--- START ---
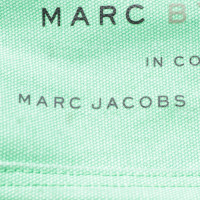 Marc Jacobs Handtasche in Grün
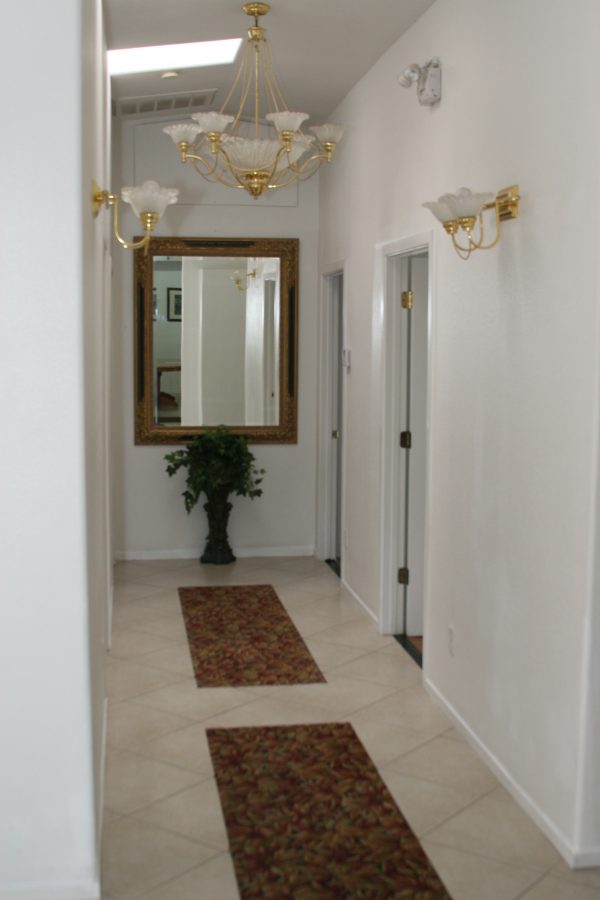Renown Suites hallway.JPG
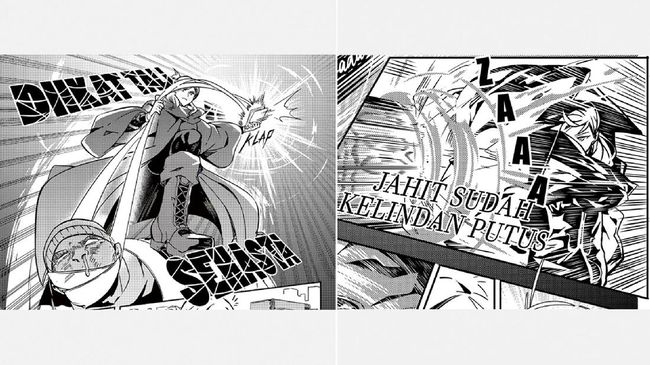 Dapatkan Gambar Tujuh Peribahasa Yang Jadi Senjata Berbahaya Terbaru by www.cikimm.com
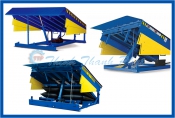 Sàn nâng tự động Dock Leveler là gì?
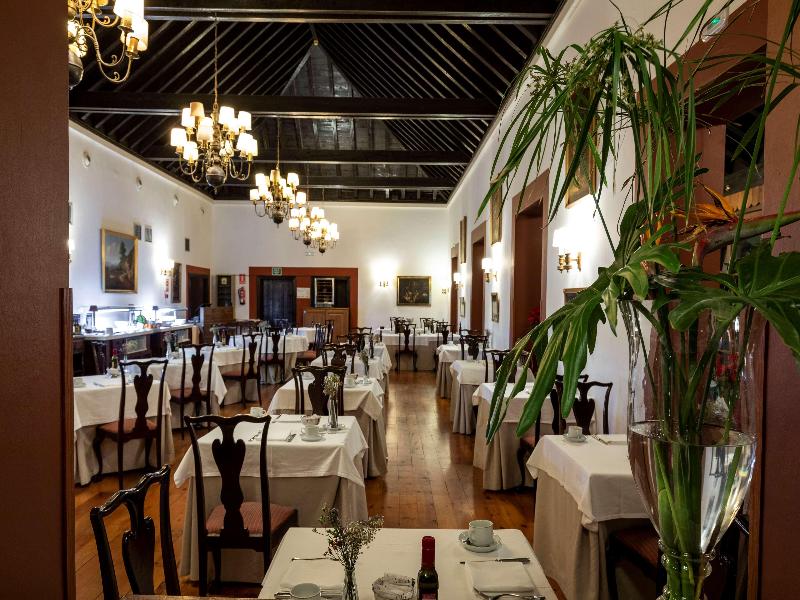Parador de la Gomera image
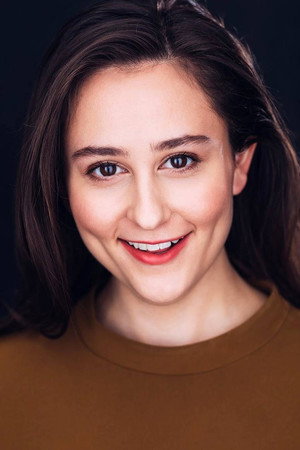 Photo of Claire McClain from the Latest Netflix gallery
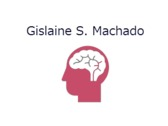 Psicologa Gislaine S. Machado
--- END ---
What the task requires | Restate all entries exactly; pictures stay out.

Solution |
 Marc Jacobs Handtasche in Grün
Renown Suites hallway.JPG
 Dapatkan Gambar Tujuh Peribahasa Yang Jadi Senjata Berbahaya Terbaru by www.cikimm.com
 Sàn nâng tự động Dock Leveler là gì?
Parador de la Gomera image
 Photo of Claire McClain from the Latest Netflix gallery
 Psicologa Gislaine S. Machado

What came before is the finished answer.